Brief -
Return the data below exactly as given, except for the images.

Source material -
■ ■ ■

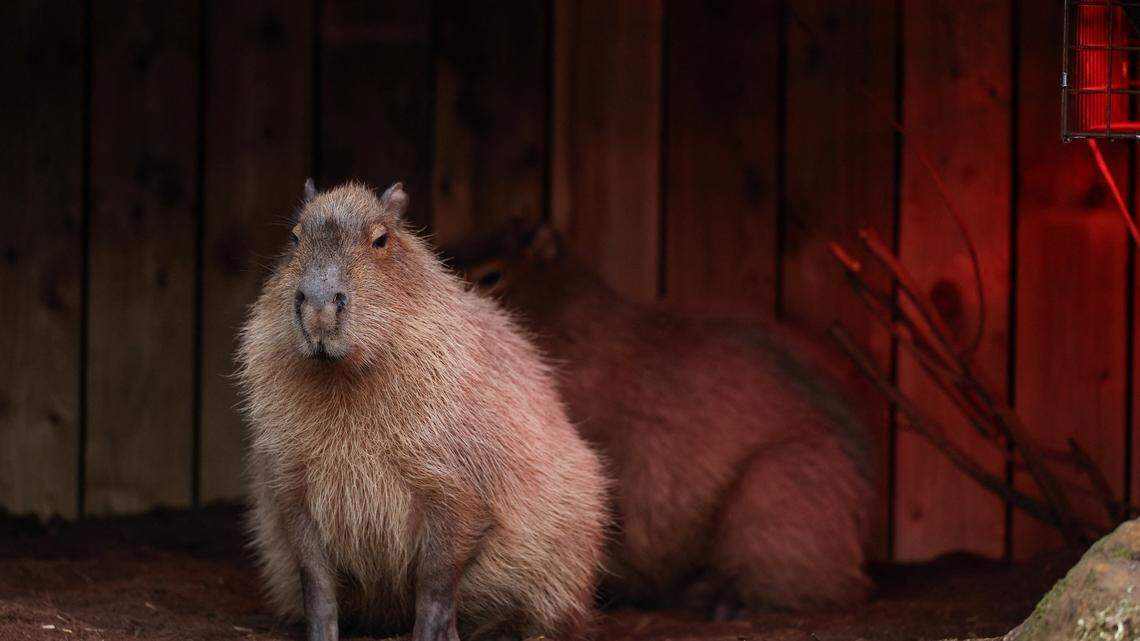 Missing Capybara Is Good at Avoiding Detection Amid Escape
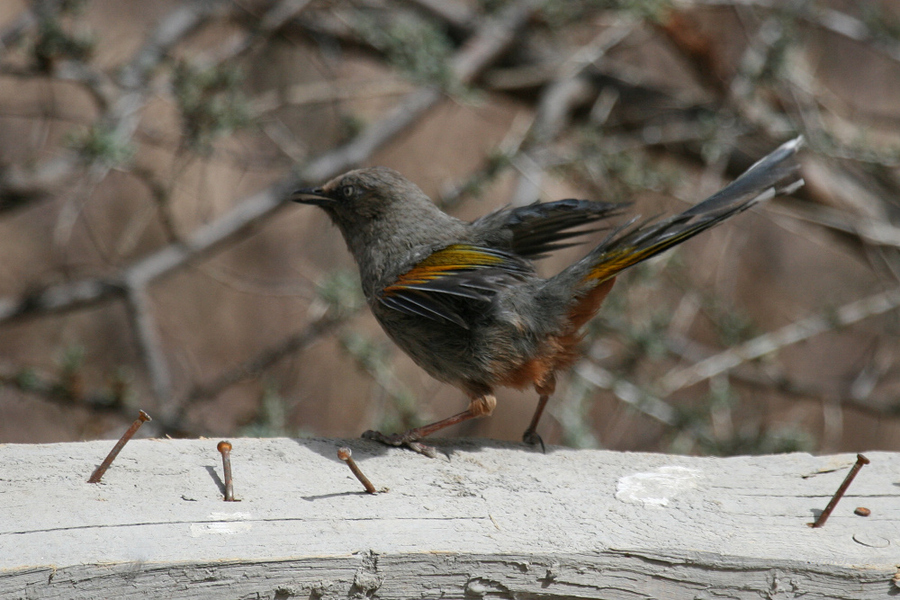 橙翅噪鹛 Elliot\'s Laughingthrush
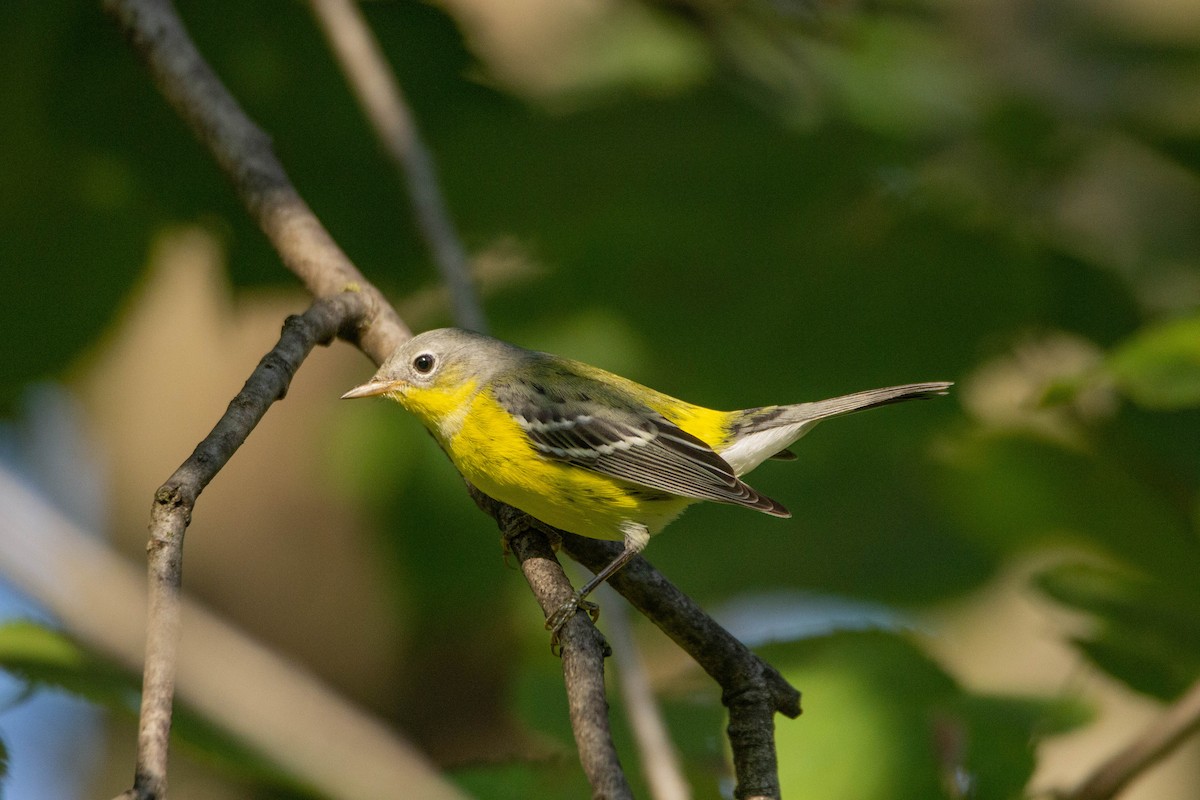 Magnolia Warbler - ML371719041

■ ■ ■

Exercise response -
 Missing Capybara Is Good at Avoiding Detection Amid Escape
 橙翅噪鹛 Elliot\'s Laughingthrush
 Magnolia Warbler - ML371719041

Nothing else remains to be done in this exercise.